By Softlanding

Latent security issue with Delve

September 29, 2017

While the Microsoft SharePoint search engine is a very powerful tool, my attention is currently drawn towards Delve and Office Graph. Delve and Office Graph go hand-in-hand as Delve is the user-focus front end platform that visualizes data retrieved and sorted by Office Graph. Office Graph is the new and exciting search and index engine that uses artificial intelligence and fuzzy logic to create relations between data and persons while crawling data. 

While studying Office Graph I came across a latent security issue that Delve users should be aware of. To illustrate this latent security issue, let's do a little thought experiment. Let's assume there is a company using an intranet based on SharePoint Online as part of Office 365. This company is using SharePoint extensively resulting in a large structure of sites and subsites. Deeply hidden inside this subsite structure, another user grants you access to a document by accident that you should not have access to, because it is confidential. Although this is a major security risk, it may stay undiscovered for a long period of time with the way the current SharePoint Search index works.

The current SharePoint Search index will index this document, its metadata and the security settings upon its next crawl and this data will be stored to the SharePoint search index as usual. Unless you aren't searching for this document (that you probably don't know of) actively, there is a good chance that you'll never discover that there is a confidential document hidden deeply inside the subsite structure you have access to. 

These kind of security risks will drastically change when Office Graph and Delve come into play. Of course, Office Graph will also find this document and it will add it to its internal database. In addition, Office Graph will create relations based on coworkers changes to the permissions and/or document body and it will create relations that connect you with them and will also weigh these relations internally.

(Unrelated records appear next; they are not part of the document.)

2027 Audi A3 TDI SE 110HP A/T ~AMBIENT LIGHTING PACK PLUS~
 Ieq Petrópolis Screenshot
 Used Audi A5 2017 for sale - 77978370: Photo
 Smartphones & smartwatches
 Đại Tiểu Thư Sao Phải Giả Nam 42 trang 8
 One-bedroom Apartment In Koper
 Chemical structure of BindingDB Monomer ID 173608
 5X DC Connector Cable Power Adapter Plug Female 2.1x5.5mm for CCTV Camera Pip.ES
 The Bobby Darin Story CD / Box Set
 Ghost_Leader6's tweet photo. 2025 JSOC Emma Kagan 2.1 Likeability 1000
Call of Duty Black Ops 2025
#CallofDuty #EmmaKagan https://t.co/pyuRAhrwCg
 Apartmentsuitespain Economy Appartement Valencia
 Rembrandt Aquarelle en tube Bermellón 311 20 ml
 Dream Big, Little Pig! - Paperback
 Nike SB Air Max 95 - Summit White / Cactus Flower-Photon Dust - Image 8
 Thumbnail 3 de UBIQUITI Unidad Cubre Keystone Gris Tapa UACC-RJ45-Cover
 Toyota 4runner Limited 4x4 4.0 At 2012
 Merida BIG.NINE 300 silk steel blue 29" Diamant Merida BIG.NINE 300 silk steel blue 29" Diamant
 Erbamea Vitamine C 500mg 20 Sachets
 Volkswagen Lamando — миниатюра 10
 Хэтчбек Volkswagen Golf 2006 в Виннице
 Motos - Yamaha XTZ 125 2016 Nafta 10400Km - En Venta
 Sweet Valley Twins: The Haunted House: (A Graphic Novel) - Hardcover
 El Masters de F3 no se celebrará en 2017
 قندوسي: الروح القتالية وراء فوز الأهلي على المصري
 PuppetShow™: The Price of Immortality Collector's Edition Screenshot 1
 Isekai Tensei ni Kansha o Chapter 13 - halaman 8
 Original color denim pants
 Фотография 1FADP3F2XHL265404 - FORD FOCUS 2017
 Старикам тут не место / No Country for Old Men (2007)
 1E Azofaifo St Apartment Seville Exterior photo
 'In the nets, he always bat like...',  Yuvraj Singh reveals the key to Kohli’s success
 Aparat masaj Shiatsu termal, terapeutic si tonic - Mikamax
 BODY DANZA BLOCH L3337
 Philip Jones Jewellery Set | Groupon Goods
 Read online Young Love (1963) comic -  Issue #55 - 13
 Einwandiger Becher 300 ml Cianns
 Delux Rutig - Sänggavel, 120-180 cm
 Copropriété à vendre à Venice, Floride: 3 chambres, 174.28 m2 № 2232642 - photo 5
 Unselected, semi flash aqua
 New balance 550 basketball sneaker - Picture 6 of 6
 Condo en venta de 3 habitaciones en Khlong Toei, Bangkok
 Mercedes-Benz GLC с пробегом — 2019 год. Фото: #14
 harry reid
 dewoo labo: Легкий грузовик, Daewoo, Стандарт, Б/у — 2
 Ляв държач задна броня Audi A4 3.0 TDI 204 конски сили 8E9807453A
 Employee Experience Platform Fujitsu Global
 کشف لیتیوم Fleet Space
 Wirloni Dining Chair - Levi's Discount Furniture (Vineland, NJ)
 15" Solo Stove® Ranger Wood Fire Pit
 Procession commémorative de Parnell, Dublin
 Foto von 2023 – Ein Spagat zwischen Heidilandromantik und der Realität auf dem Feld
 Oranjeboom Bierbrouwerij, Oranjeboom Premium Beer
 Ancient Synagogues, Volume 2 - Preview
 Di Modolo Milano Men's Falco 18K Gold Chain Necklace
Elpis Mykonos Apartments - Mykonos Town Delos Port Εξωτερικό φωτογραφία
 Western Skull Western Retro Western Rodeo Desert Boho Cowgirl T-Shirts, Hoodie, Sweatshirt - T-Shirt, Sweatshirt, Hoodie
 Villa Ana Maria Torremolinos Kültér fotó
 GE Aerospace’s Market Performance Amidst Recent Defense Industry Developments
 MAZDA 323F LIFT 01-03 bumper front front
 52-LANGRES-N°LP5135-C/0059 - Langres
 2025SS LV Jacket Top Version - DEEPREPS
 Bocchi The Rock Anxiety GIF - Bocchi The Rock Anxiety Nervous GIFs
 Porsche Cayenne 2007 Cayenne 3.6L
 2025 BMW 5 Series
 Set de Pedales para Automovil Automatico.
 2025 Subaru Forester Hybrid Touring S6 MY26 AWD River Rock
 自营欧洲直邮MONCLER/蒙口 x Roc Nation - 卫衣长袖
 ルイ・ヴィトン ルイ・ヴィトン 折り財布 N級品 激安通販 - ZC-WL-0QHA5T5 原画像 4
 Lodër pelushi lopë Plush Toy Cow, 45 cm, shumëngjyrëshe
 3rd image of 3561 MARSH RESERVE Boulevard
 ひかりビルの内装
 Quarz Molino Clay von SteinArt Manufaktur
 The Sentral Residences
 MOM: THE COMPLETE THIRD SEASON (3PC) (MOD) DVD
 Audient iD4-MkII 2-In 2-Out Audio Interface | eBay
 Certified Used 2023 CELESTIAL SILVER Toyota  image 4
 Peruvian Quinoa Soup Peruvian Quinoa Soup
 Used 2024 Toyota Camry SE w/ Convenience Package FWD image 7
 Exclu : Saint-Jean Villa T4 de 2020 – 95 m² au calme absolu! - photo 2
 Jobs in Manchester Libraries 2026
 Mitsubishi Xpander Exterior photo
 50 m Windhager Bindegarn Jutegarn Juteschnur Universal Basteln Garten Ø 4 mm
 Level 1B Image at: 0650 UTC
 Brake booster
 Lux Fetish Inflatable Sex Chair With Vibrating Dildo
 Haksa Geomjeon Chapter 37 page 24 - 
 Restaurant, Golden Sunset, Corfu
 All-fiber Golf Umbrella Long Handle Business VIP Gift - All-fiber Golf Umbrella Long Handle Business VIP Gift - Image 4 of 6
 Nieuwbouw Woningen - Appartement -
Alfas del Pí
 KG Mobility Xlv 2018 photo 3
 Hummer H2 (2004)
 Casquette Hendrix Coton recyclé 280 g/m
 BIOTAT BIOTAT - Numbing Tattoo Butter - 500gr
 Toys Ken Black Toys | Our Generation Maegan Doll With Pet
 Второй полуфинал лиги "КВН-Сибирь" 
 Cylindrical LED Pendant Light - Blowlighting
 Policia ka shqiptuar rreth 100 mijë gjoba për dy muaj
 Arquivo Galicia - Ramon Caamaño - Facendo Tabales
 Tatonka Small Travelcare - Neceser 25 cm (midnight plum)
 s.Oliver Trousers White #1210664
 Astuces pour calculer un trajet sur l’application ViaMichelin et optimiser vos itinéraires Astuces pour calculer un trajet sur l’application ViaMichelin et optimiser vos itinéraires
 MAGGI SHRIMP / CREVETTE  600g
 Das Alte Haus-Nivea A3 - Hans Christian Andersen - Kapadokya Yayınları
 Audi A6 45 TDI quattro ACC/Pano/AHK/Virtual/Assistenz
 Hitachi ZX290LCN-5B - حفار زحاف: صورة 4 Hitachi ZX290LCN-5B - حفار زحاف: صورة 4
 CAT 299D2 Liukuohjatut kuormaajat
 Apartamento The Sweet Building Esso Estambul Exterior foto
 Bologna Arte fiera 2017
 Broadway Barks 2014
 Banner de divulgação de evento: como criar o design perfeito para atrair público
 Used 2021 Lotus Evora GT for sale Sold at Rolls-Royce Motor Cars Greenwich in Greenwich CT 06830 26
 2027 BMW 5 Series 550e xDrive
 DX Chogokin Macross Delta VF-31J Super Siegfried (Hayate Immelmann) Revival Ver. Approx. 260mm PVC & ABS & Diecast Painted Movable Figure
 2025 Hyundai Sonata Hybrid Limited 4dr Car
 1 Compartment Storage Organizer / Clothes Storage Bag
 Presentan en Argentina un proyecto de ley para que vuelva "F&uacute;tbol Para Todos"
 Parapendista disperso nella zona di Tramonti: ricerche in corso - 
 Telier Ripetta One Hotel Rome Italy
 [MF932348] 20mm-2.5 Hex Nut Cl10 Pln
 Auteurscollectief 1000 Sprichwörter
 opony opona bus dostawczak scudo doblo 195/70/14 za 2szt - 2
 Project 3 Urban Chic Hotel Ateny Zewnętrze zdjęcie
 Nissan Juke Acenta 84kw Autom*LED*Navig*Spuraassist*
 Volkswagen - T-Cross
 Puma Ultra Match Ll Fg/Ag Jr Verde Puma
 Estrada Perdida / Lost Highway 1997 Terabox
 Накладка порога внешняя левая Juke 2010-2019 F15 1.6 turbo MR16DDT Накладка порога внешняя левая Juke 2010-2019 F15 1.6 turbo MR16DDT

As an individual with accidental access to a confidential document on Delve, there is a good chance that you will discover this document very soon. As I mentioned at the beginning, Delve is not showing search results based on an active request of a user. As soon as a user is opening Delve, it shows what is currently trending around the user and if your colleagues are currently collaborating on this document, there is a good chance that Delve will show this document as one of the most important documents, because it appears to be very important for your coworkers – that's how weighted relations work!

The same issue will occur if the document is saved to a file share that is crawled by SharePoint.

Don't get me wrong, there is nothing wrong with Delve or Office Graph. It's just the different way search results will be displayed to a user - and we as users need to be aware of this!

To prevent these kind of accidental security issues, there is an option besides switching Delve off for your tenant in the Office 365 Admin Center. You can selectively disable Delve from showing certain documents or data in the Delve search results. The only thing you need to do is to declare a site column named 'HideFromDelve' and to use it in lists or libraries to selectively exclude documents and data from being shown in the Delve search results. Mikael Svenson (MVP) explained this in detail in his post. If you want to know more, I encourage you to read his article. But you need to keep in mind that this only affects Delve as the front end of Office Graph. Third party applications that also use search results derived from Office Graph will most likely ignore this site column and this mechanism is not affecting Office Graph itself. Office Graph will still add data to its index despite using this site column.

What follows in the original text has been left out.